THE SKI season in the High Tatras ended on April 15, an event which may help some of the local wildlife.

Forester Peter Lapšanský of the TANAP State Forests in Tatranská Lomnica feeds chamois with dry rowans. Forester Peter Lapšanský of the TANAP State Forests in Tatranská Lomnica feeds chamois with dry rowans. (Source: TASR)

THE SKI season in the High Tatras ended on April 15, an event which may help some of the local wildlife.

The activity of off-slope skiers, i.e. ski-alpinists, is believed to have contributed to the death of three chamois during a single weekend at the end of February. The tragic story of these animals was captured on film by Pavol Kráľ of the Tatras National Park (TANAP) State Forests in a 15-minute documentary shot during efforts to save two of them. The film, called Victims of Winter, was shown in March in the TANAP Museum in Tatranská Lomnica.

“We suppose they were disturbed suddenly; it is hard to say whether by skiers or if there was another reason, but the animals got to places they would never have chosen unless they were greatly stressed,” TANAP State Forests zoologist Barbora Chovancová told the TASR newswire. She added that they were all males, which could negatively affect future development of the chamois population. Two of the three dead chamois will be preserved for the visitors to the TANAP Museum. “We plan to create an exhibit about the rutting season,” she said.

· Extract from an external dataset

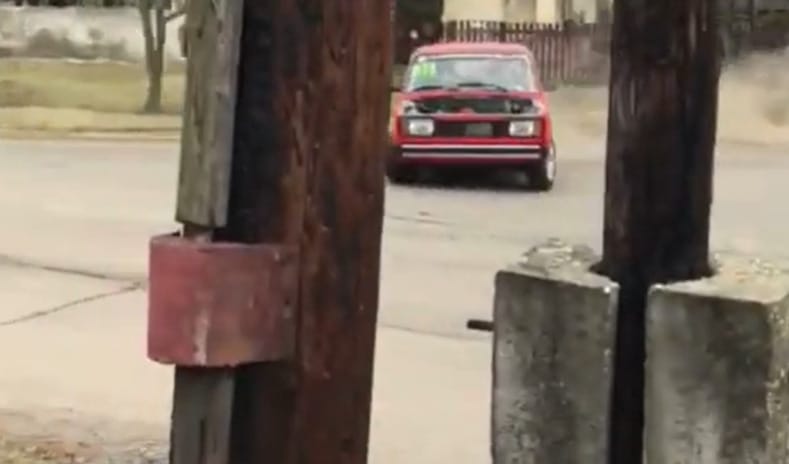 Látványosan forgatta a Ladát egy sofőr Abaújkéren, de rendőrök nem értékelték – videó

According to her, more and more chamois are dying every year, with evidence of predators occasionally being found. For example, bears are known to search in spring for animals which have died on avalanche routes. One of the three animals was found in the Mengusovská Dolina Valley, and two in the Mlynická Dolina Valley. Efforts to save the two which were still alive failed. In fact, there is only one recorded example in Slovakia of an injured chamois being successfully rescued. It was found several years ago on the frozen surface of the Popradské Pleso mountain lake. When its broken legs had healed, it jumped over a high fence and returned to nature a little sooner than originally planned.

The vice-director of TANAP State Forests, Marián Šturcel, added that the heavy snow which fell as late as March this year caused big problems for wildlife. To compensate, forest workers regularly fed the animals and provided salt and rowan buds for the chamois. Over the last year, 773 chamois were registered in the Tatras National Park, 606 of them on the Slovak side and 167 in Poland.